Il y a quelque chose d’extrêmement humble à faire de la marionnette. Il faut que tu t’effaces devant l’objet. Le théâtre d’objets est l’inverse : pour que l’objet vive, l’acteur doit surjouer, mais on est encore au service de l’objet.
Je suis aussi quelqu’un de très communautaire, et je trouve que la marionnette rejoint ces valeurs. On est tellement loin du vedettariat!
Quand j’étais au CÉGEP, j’ai vu Ubu sourd la table du Théâtre de la pire espèce, une compagnie montréalaise de théâtre d’objets. Leur pièce Ubu sur la table a été traduite dans plusieurs langues. Je l’avais vue adaptée en langue des signes. J’avais trouvé ça extrêmement beau.
La roue tourne, puisque vous préparez maintenant Les enfants valises. Que pouvez-vous nous dire à ce propos?
C’est un spectacle jeunesse sur le divorce, l’homoparentalité et la culture sourde. Ce devait être du théâtre d’objets, mais j’ai réalisé que ce n’était pas approprié pour des acteurs sourds, car ils communiquent avec les mains.
Je suis allé prendre des cours de LSQ (langue des signes québécoise). J’ai rencontré des gens qui ne sont pas acteurs, mais qui auraient aimé l’être si les structures étaient adaptées à leurs besoins. Donc, j’ai adapté ma structure.

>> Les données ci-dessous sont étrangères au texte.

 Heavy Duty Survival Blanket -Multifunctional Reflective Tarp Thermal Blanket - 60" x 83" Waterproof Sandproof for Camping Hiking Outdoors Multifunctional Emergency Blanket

Vous travaillez également sur un projet de théâtre documentaire, 1-90 Perreault Est. C’est inspiré de votre grand-père, un criminel de Rouyn-Noranda assassiné en 1975. De quelle façon ce projet a-t-il changé votre perception de la criminalité?

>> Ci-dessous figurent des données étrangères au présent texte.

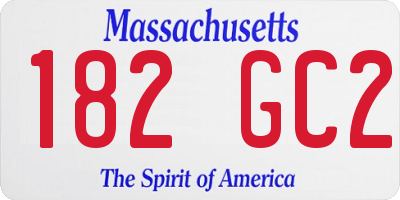 MA license plate 182GC2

Les gens que j’ai interviewés m’ont raconté que la police arrivait toujours ‘en retard’, sachant qu’un crime allait se passer. Et comme personne ne se dénonçait, ils concluaient qu’il n’y avait pas de témoins. C’est pour ça que mon grand-père est mort, et que le meurtrier et sa complice ont été déclarés non coupables pour cause de légitime défense.

Je me suis posé la question : pourquoi le crime est-il toujours individuel? Il y a une fonderie en plein milieu de la ville qui est en train de tuer la population à petit feu, au nom du profit. Comme c’est une structure organisée, c’est la faute de tout le monde et de personne. Il n’y a pas de conséquences, car le code criminel est écrit de manière à individualiser le crime.
Quel est votre projet le plus marquant?
Il y a bien sûr Laitue matinal.e, un projet complètement par et pour. Il y avait peut-être une ou deux personnes qui n’étaient pas trans, mais toute l’équipe de création était queer. C’était un défi de trouver ces personnes, mais qui a tellement valu la peine. Je n’avais jamais compris ce qu’était un safe space jusqu’à ce que je fasse ce projet.
Aussi, on avait la force du nombre. Quand il y avait des choses qu’on voulait, ce n’était pas juste l’opinion de Lionel, LA personne trans du spectacle.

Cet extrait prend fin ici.